* _What you have to do_
Give the number of lines in the records below that include "Metal". Reply with that number alone.

**** Supplied material

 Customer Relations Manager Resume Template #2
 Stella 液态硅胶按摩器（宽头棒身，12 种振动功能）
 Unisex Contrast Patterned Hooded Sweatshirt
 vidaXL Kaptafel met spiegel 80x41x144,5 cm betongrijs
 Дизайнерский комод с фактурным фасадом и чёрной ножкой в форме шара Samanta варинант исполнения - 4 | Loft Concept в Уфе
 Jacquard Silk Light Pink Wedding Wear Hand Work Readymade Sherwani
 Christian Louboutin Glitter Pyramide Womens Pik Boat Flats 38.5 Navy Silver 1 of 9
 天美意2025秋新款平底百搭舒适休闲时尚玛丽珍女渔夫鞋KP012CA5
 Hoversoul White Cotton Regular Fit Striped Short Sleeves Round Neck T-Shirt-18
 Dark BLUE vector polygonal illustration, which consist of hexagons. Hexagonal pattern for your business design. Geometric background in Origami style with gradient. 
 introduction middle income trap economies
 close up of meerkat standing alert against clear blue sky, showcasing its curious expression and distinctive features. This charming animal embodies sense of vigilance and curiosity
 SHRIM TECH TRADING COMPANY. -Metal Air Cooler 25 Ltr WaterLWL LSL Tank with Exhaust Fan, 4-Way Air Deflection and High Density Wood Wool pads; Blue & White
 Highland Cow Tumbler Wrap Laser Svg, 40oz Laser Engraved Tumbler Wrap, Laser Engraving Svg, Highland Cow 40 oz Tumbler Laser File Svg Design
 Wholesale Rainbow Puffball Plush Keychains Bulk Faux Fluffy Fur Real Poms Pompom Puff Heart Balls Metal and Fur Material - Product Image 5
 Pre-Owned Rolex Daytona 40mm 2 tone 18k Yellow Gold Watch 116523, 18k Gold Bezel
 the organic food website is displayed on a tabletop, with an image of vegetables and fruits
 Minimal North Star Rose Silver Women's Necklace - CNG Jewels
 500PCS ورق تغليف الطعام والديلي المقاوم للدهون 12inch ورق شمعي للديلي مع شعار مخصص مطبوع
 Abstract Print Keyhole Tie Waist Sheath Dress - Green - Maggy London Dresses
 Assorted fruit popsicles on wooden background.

********

* _Written answer_
2